It’s a normal human instinct to seek certainty. We all want peace of mind, but because we are afraid, or lazy, or greedy, or insecure or arrogant, this creates an opening for the guru’s stealthy entrance. This ignorance becomes the playground for superstition, magic, wizards (sorry Harry Potter), myth, and deception. Any appeal to a supernatural or unseen world that uses our inability to know creates a loophole, and opens a vast playground for all kinds of mischief, from the taboo against walking under a ladder to believing your daily horoscope supplied of course for a fee.


Even after we’ve observed and accepted that we as human beings have a limited range of perception due to physiological constraints, the limited capacity of our sense organs, as well as the physiology of our brains, our mind plays a trick; we tend to forget and set this aside. We still experience dissatisfaction with not getting all the things we think we want or imagine we need. Plus there are psychological consequences that come from the firing and misfiring of synapses that distribute endorphins to our pleasure centers. It makes no difference whether or not these actions and reactions are random or follow some predictable pattern; we experience an imbalance coupled with limited data to account for it. Voilá, from chemistry set to ontological predicament!


As a matter of fact, our suffering always seems to get the upper hand. When our unhappiness or dissatisfaction reaches a tipping point, we reach out for an answer even if it means grasping for straws. Enter the person, or book, practice, or belief system with an answer.

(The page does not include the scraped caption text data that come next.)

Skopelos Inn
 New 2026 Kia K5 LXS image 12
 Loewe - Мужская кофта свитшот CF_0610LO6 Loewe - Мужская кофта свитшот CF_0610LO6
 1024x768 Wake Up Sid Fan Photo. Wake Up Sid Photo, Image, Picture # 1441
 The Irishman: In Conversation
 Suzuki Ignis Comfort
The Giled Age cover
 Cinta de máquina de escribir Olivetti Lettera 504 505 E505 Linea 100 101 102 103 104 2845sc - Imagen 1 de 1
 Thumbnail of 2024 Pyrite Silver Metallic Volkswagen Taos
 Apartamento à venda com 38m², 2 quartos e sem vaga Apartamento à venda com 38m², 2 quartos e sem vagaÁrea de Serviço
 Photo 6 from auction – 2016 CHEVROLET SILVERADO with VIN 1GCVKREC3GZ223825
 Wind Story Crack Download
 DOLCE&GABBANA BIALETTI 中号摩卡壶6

It doesn't even have to be a good answer. But keep in mind that at least some of the grasping answers to an existential question require suspension of belief; perhaps the answer imposes an alternative set of beliefs, and demands submission to its authority. In some sense it operates quite a bit like a narcotic or psychological addiction--the high it produces needs to be repeated in order for it to be effective. 


Over many centuries, our answers have taken the form of the tribal ritual the Nepali woman I know used when she called on a village priest to solve a problem. I saw with my own eyes the bloody sacrifice of a young goat to create favorable circumstances for increased guest house revenue--and sanitary plumbing. In my view the solution should have been to hire a competent plumber, but the magic formula for gaining wealth was left to a witch doctor.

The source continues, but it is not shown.